Features of the Near North
Bailetais - Rainfall on the Talven Alasen drains down through the plateau and emerges here; as a result the Bailetais is laden with monsters - and treasure.
Driathorn Forest - A thick, wild woodland between Dore and the Spearwall Mountains.
Farzwold - The Frozen Forest; a small forest between the Kameurhorns and the Stormhalls.
Gonenfall Forest - The largest forest in the Near North, the Gonenfall is untouched and largely unexplored.
Kameurhorns - A vast, towering mountain range that marks the northern edge of the Shadowend region. Beyond it lies the High Ice.
Middurplanz - Blood-soaked plains, the location of thousands of battles over the centuries between humanoid hordes from the Kameurhorns and the armies of Dore. Small mercenary hobgoblin troops hold minor fortifications, while scavenger gnolls inhabit the ruins.
Nuatuverg - A small island off the Voriskoghn coast; rumored to be the resting place of an imprisoned Envidier power.

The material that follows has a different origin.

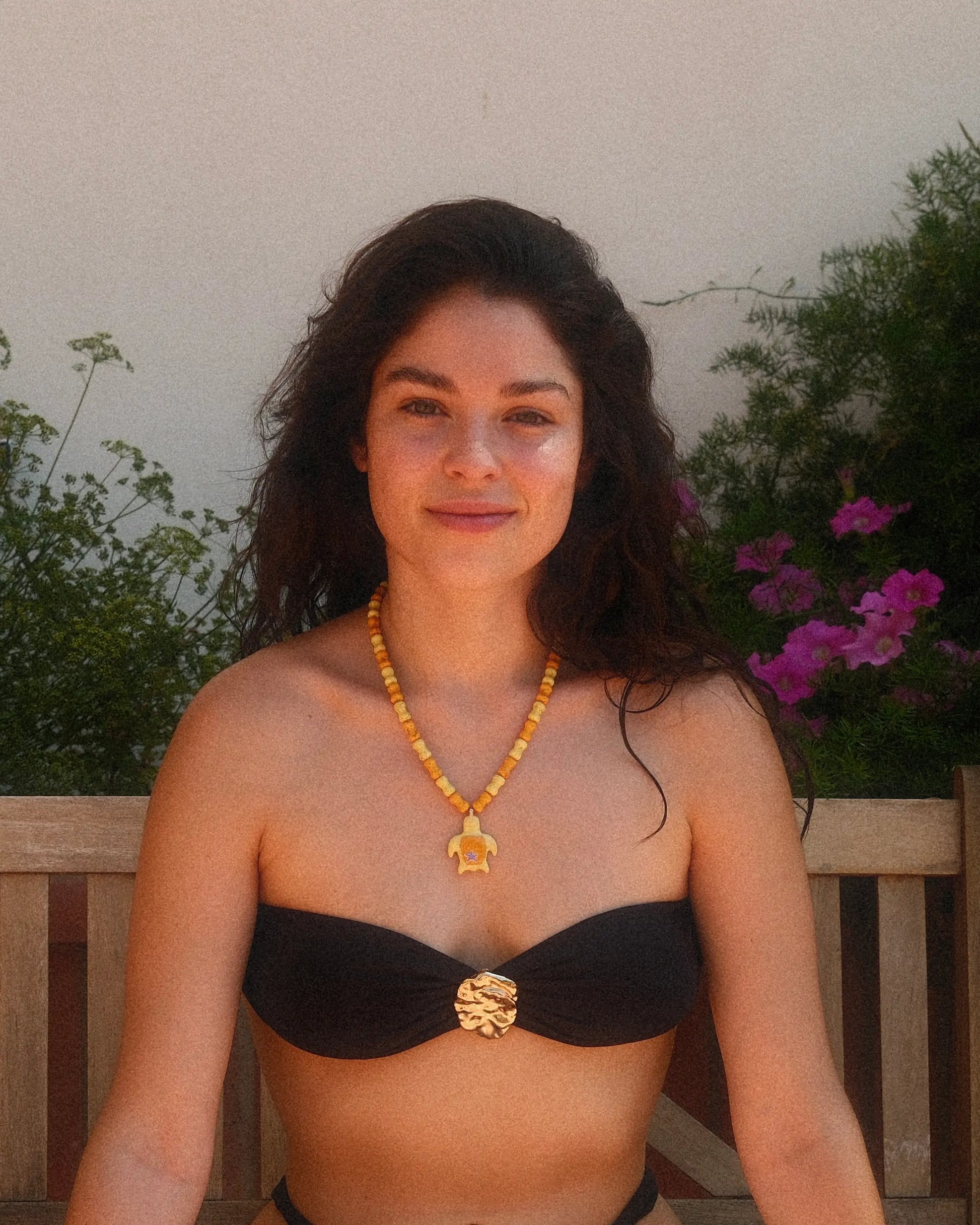 ORANGE TURTLE - Kaikai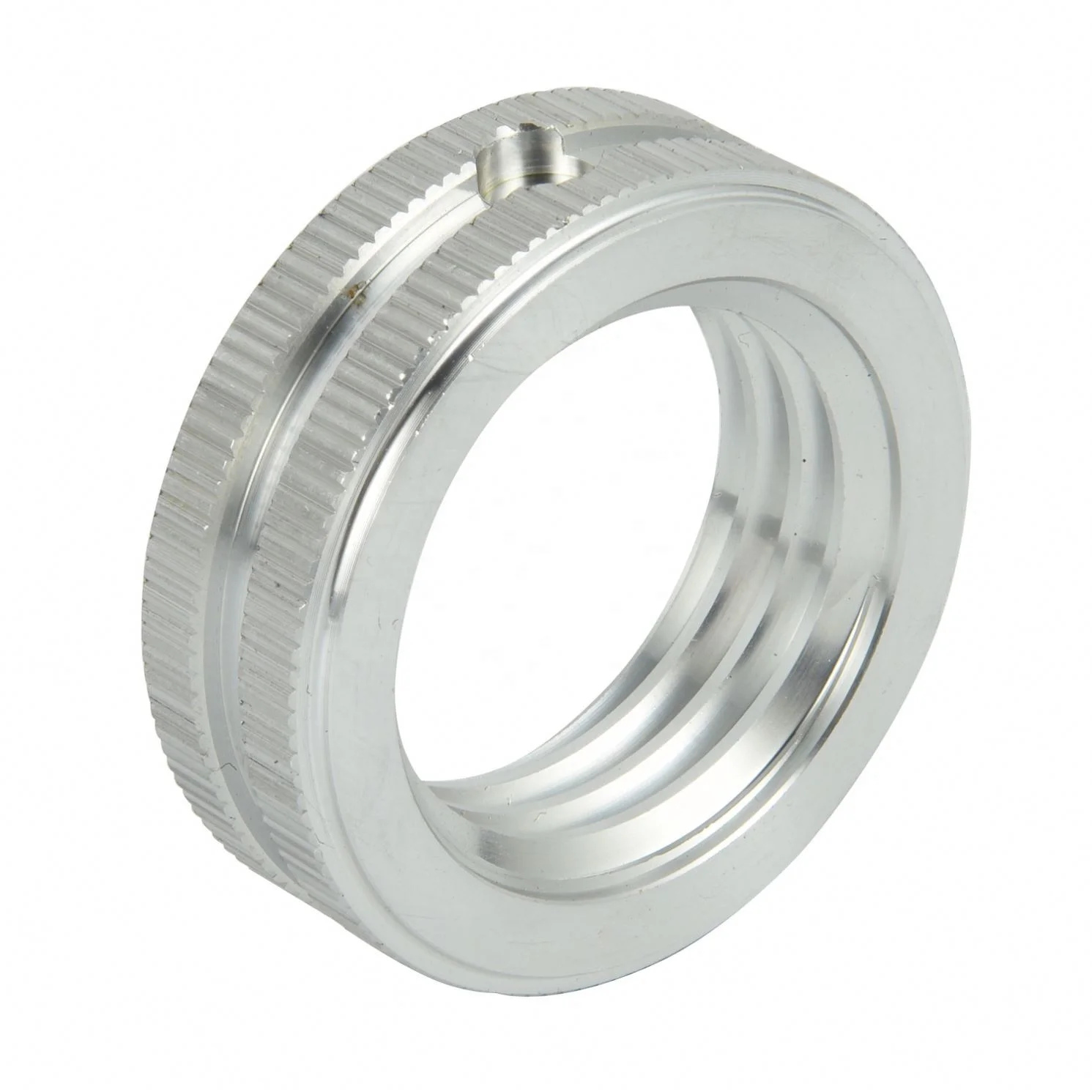CNC Turning Aluminum & Stainless Steel Parts Custom Machining Services for Parts Shafts & Products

River Fathing - Marks the border between Keldru and the Middurplanz; drains the Bailetais and by extension, the Talven Alasen.
River Ylg - A large, slow river, the Ylg marks Dore's border with the Middurplanz. Once heavily fortified, many of the fortifications have fallen into ruin.
Shrouded Peaks - A misty, fog-ridden mountain range that borders the Bailetais; home to many orcish tribes.
Spearwall Mountains - A narrow, much eroded range well known for its elaborate spires and twisting canyons. The border between the Near North and the Woodmarches. Not known for its mineral wealth.
Stormhall Peaks - A wild, unexplored range in the Voriskoghn Penninsula.
Talven Alasen - The Anvil of Winter, a high plateau in the Kameurhorns. The Anvil once linked Honduar with the southern realms, and dwarves quarried gemstones from underneath, but with the fall of Honduar, the entirety of the Talven Alasen is now monster-held.
Voriskoghn - The penninsula and area west of Kameurgard and the Gaunt; few large settlements. Homeland of the Vorish and the Vandin; many jotunar and troldfolk. Giants, trolls, ogres, and orcs are all frequent threats.
Realms of the Near North
Arthringlaur - Diamondsdelve, the greathall and realm of the mountain dwarves.
Ceir Yn - An isolated and xenophobic realm of fair elves in the Stormhall Peaks; one of the few sources of mithril.
Dore - A crumbling realm assaulted by orcish hordes and other threats.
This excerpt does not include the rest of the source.